Background ACQUIRE was a Ph IIIb study demonstrating comparability of SC and IV abatacept (ABA) over a 6-mth DB period. At 6 mths, all patients (pts) entered an open-label (OL) period in which they received SC ABA. AIM was a Ph III 12-mth, DB, placebo-controlled study of IV ABA, also with an OL extension. Pts in both trials had moderate-to-severe RA, inadequate response to MTX and similar BL demographics and disease activity.
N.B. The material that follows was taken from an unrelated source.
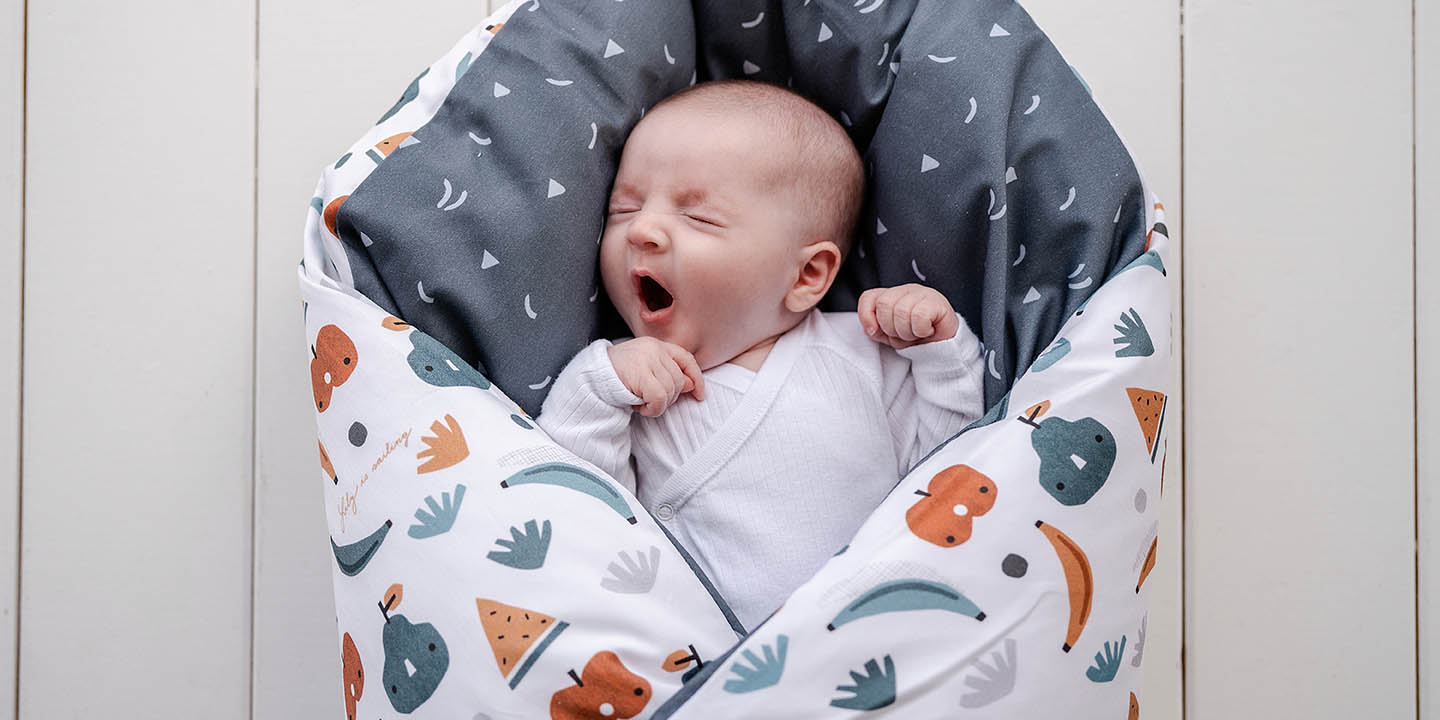 Péřová zavinovačka Ovoce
Objectives To provide a long-term (LT) comparison of SC and IV ABA, we performed a post-hoc efficacy analysis of LT data from the OL periods of ACQUIRE and AIM.
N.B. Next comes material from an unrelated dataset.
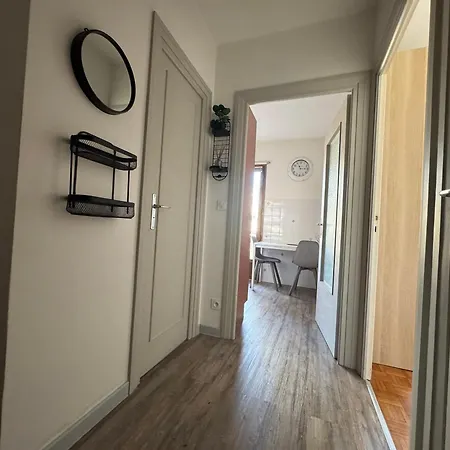 T1 Bis Spacieux Et Calme Avec Balcon, Animaux Acceptes ! - Fr-1-555-103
Methods In ACQUIRE, pts received 125 mg SC ABA weekly (after 10 mg/kg IV load on Day 1) +MTX. In AIM, pts received ∼10 mg/kg IV ABA every 4 weeks (after loading doses on Days 1, 15 & 29) +MTX; only pts who received ABA in DB and OL periods were included in this analysis. LT analysis began at Day 253 for ACQUIRE; Day 225 was selected as a comparison starting point for AIM. The most recent LT data lock for ACQUIRE (Day 897) was then used as the comparison end date for AIM as well. At the time of analysis, however, not all ACQUIRE pts had reached this later time point. As-observed data were used to assess both response to treatment (ACR 20, 50 and 70) and disease status (DAS28[CRP], SDAI and CDAI). No safety analyses were performed on this subset as larger pooled safety analyses are presented elsewhere.

Results In the OL period of ACQUIRE, 1372 pts received SC ABA compared with 378 pts who received IV ABA in AIM. ACR 20, 50 and 70 rates, and DAS remission rates were sustained from Days 253/225 through Day 897 for ACQUIRE/AIM, respectively (Table). SDAI and CDAI remission rates at Day 253 (13.3%; 179/1341 and 15.6%; 211/1349) were maintained up to Day 897 (20.2%; 123/608 and 22.1%; 143/646) in ACQUIRE; in AIM, corresponding rates at Day 225 (9.9%; 36/365 and 12.2%; 45/369) were similarly maintained up to Day 897 (15.0%; 45/300 and 16.7%; 52/311).

Table 1

Conclusions SC abatacept provided similar efficacy to IV abatacept when compared across these 2 trials; overall, efficacy achieved in the short term was maintained in the LT.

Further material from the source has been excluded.